Regular readers will be able to tell that the two most recent posts were not published in the correct order. Probably my fault. I'm working on learning how to write posts to appear when we are actually "At Sea". Will lick this at some point.  Cheers!

We are on the dock in an undisclosed location (actually in Portland). EW is fixing the furnace. We have time to do this because we are planning an overnight to the Cape Cod Canal. I have one more thing to check before we leave, but I think we can safely navigate through the canal anytime between 10 and 3 on Tuesday.
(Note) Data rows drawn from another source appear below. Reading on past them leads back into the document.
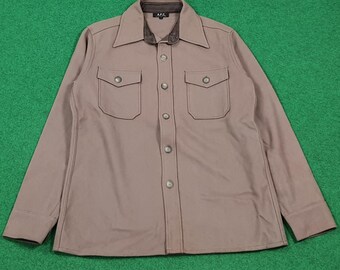 Vintage A.P.C. Taupe Brown Wool Shacket Jacket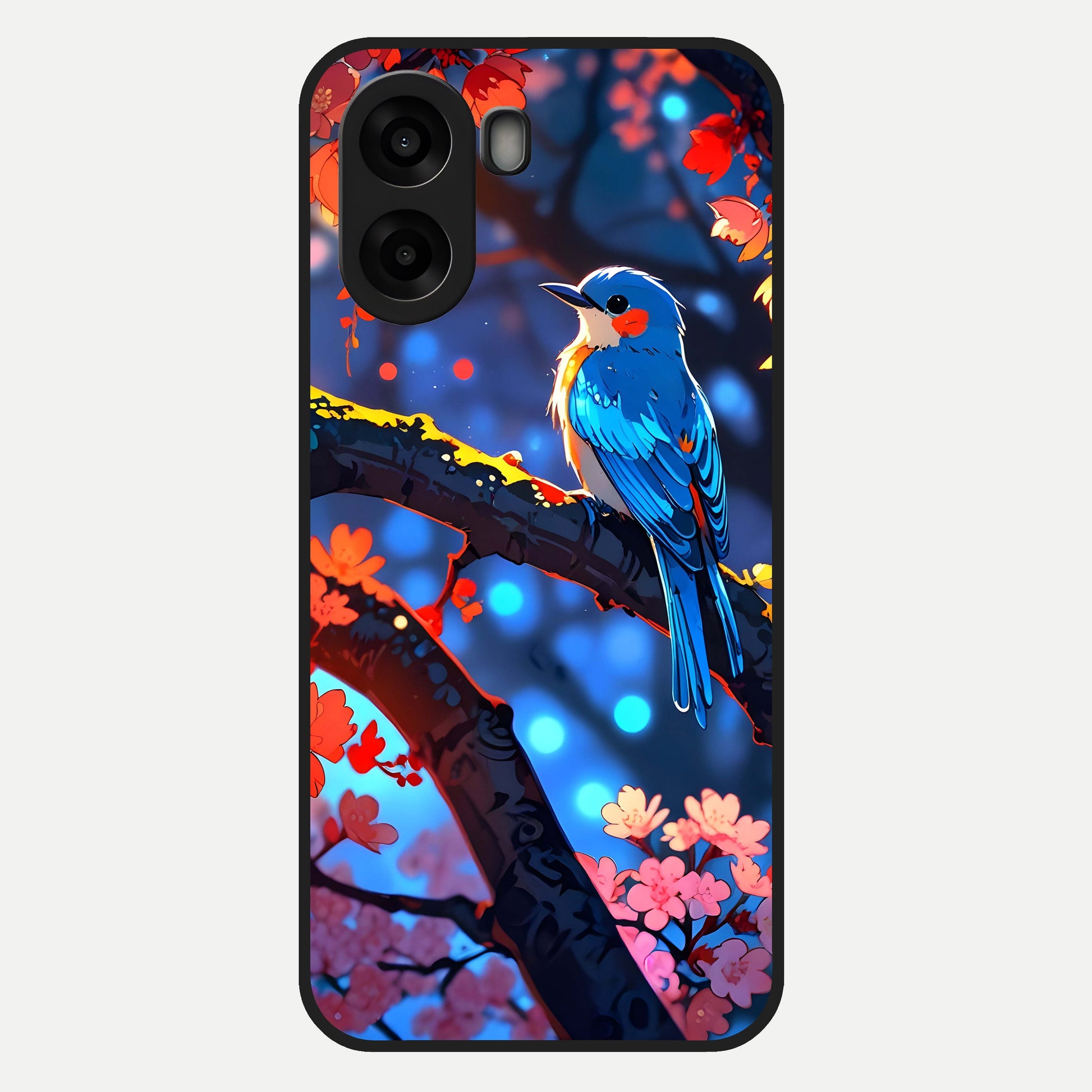  Blooming Water Drift Glass Case For Oppo A6s back cover – full design glossy printed glass finish
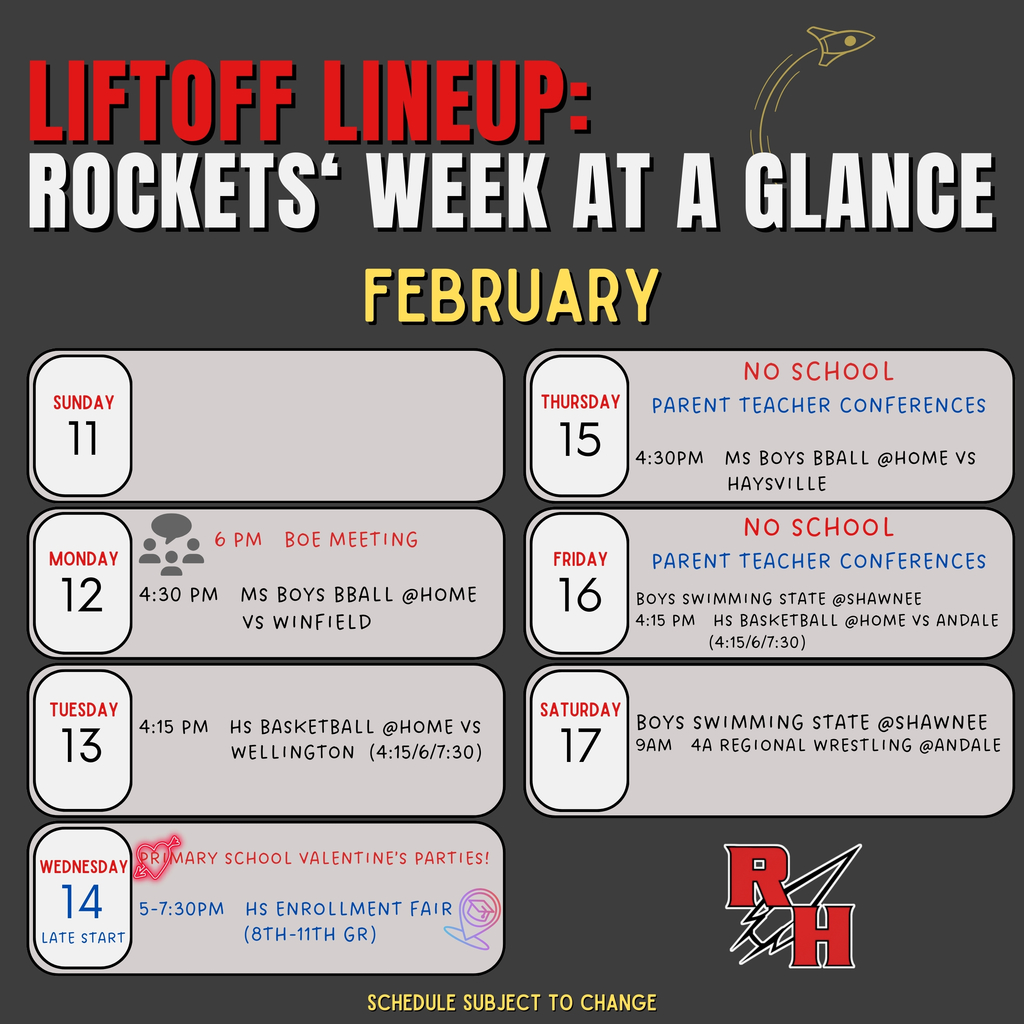 Weekly Lineup for week of 2-11-24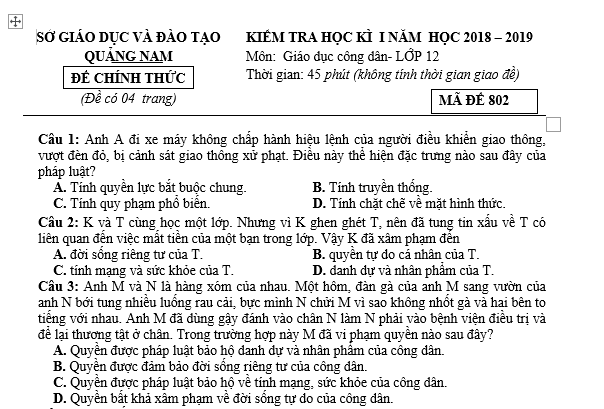 bo de thi, tổ hợp khxh, giải gdcd 12, giao duc cong dan 12, giao duc cong dan lop 12, thi THPT Quốc Gia,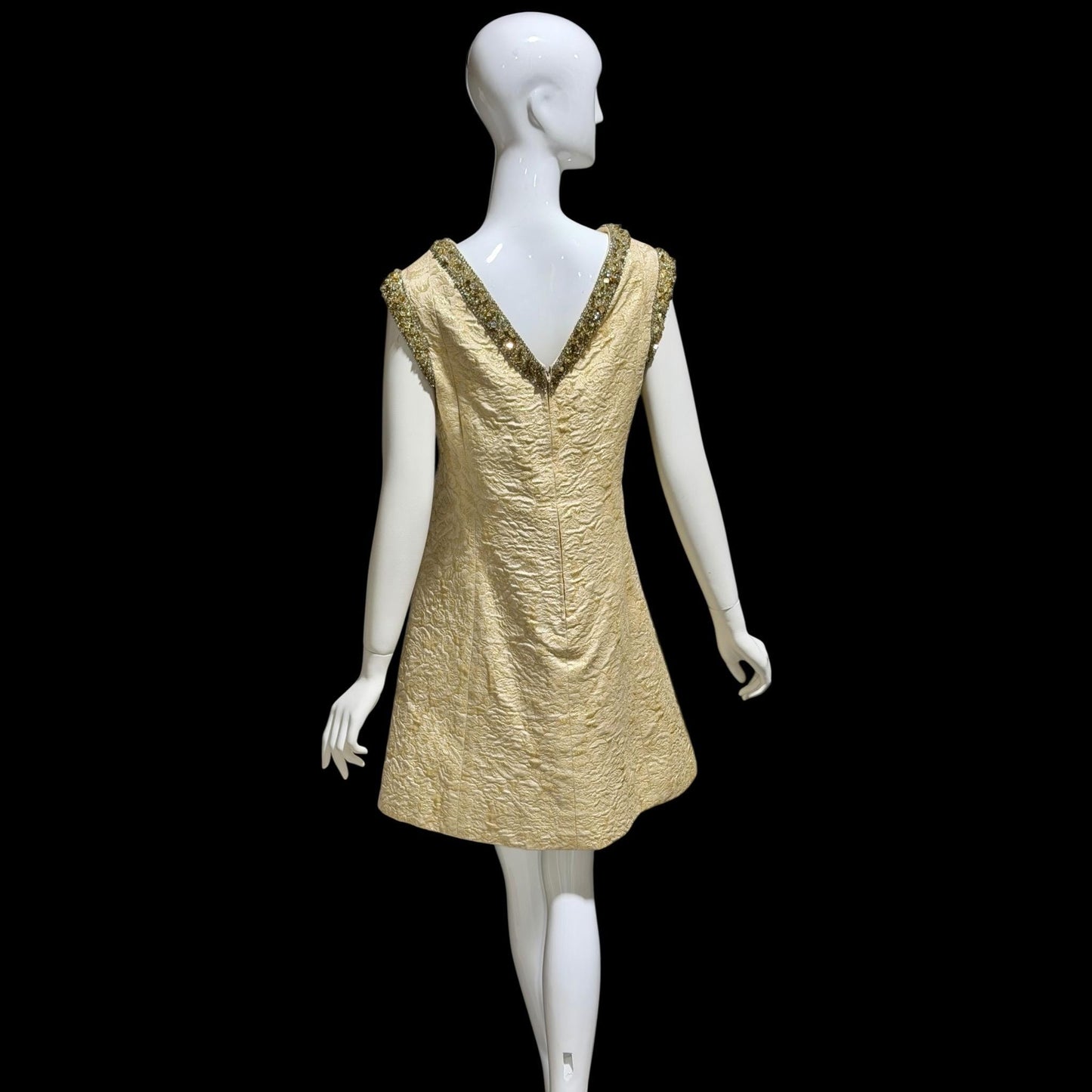 MR BLACKWELL CUSTOM Vintage 1960s Designer cocktail dress, Cates of Denver Boutique gold brocade mod shift dress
We will leave here around 2, and sail (hopefully) or motor with the wind on our nose (more likely).

Late Tuesday afternoon we will drop the hook in Onset, on the other side of the Cape Cod Canal. 

So far, we have gotten a lot done on the boat, safely used our old navigation software, anchored with the new anchor, eaten well and slept 9 hours. I have dreadfully missed tweeting and am working to get BarbAtSea on EW's (now our) IPhone. I miss my Blackberry and Ubertwitter more than I ever imagined. 

So that's the update. More later! 

I love your comments!  Thank you all.


Where Did We Go on Sunday?

Well, not to Gloucester, Massachusetts. As we were working on the boat and tying up loose ends yesterday, EW spoke with a sailing friend in Portland. He and his wife have sailed and lived aboard in Greenland and Newfoundland.

He closed the phone call with this comment: "You don't leave when you are ready, you leave when you are seaworthy."

That is true. We knew we weren't going to be fully ready before taking off on Sunday, but we did expect to be seaworthy. We did not meet that expectation. It was a day filled with lost items, mishaps, and still more teary goodbyes. 

I admit it. I lost it. At about 7 on Saturday night I started sobbing. Thankfully EW simply held me and let me cry. Then we made a plan and that plan did not involve a 12 hour sail on Sunday. We would not be ready, we would be tired and prone to make bad decisions. We would not be seaworthy. 

So we made a new plan. We would stow as much gear as possible to allow us to sail and we would leave the dock as early as possible on Sunday and sail just 3 hours away to one of the many protected harbors in Maine. There we would have the time to get La Luna ship shape and sea worthy and to give ourselves the time to decompress and become sea worthy again. It's a good plan. I relaxed and we moved mountains. 

Don't worry about us. These are the tough decisions safe sailors make. That's a good thing. 

Running Errands with EW

For the past week, EW and I have had to leave the boat during the workday. So, despite being “retired” we have set the alarm for 6:00 AM as Mickey-the-Amazing-Systems-Guy likes to start at 7:00. We usually greet him and get off the boat. I work hard to stay off the boat because I want Mickey happy to be working aboard La Luna, but when I show up he feels he has to turn off his music. (He’s afraid I’ll find it offensive. EW said that it was like the music Favorite had on when we borrowed his van. Oh.) 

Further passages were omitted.